Makna yang terkandung dalam kalimat ini adalah tamu atau pihak lain yang dating  akan dianggap sebagai keluarga kita, dan diterima dengan mudah tanpa adanya hal-hal yang dipersulit. Seperti arti dari kata “ahlan” dan “sahlan” tadi, yaitu keluarga dan mudah. 

Mengapa dalam Bahasa Indonesia kalimat ahlan wa sahlan identik dengan ucapan selamat datang?

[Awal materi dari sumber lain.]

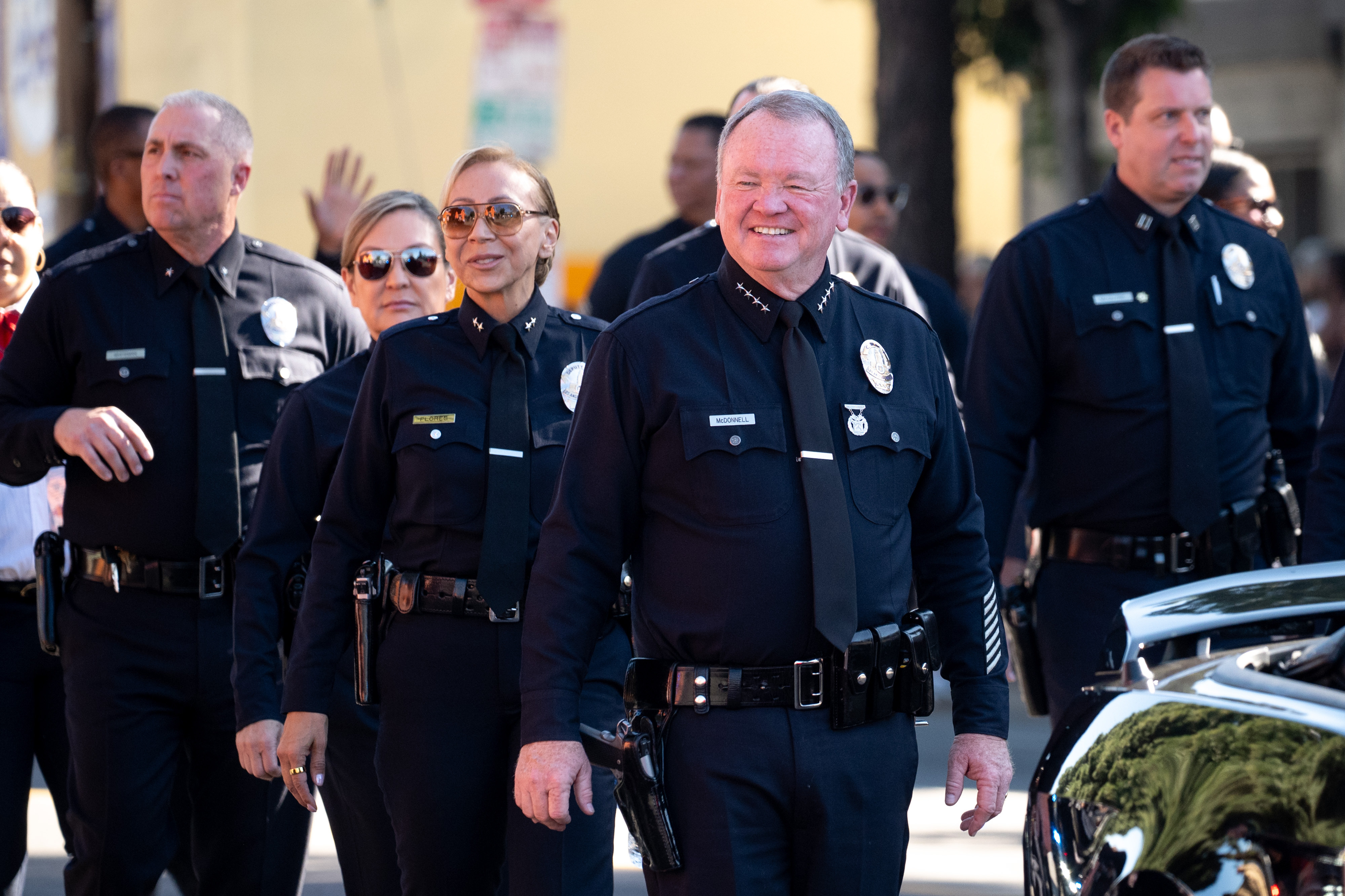 LAPD Chief Jim McDonnell and officers march in the Kingdom...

Karena jika merujuk pada konteks saat kalimat ini digunakan, penerjemahannya akan seperti, “silakan, tidak usah sungkan-sungkan” ataupun “anggap saja seperti rumah sendiri” yang biasa kita ucapkan kepada orang yang baru saja datang.

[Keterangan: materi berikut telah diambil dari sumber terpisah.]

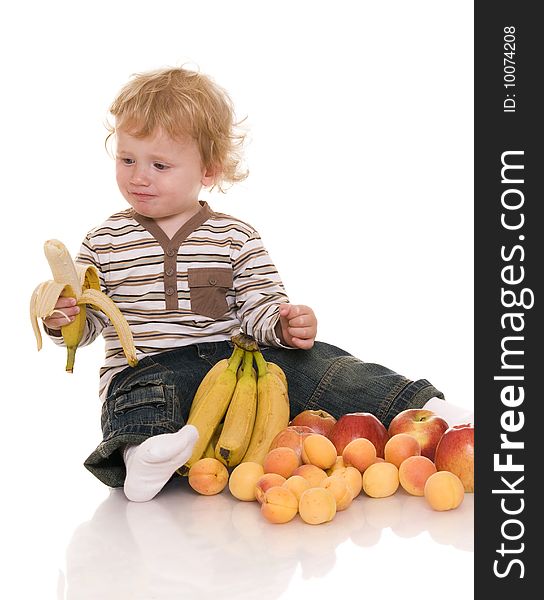 Baby with fruit isolated on white. Baby with fruit isolated on white.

Hadist Mengenai Arti Ahlan Wa Sahlan

Hadist-Mengenai-Arti-Ahlan-Wa-Sahlan

1. Hadits 1

Dapat disimpulkan bahwa ketika ahlan wa sahlan itu terucap, itu berarti adanya penerimaan dari kita terhadap kehadiran tamu dan menganggap mereka layaknya keluarga atau bagian dari keluarga kita.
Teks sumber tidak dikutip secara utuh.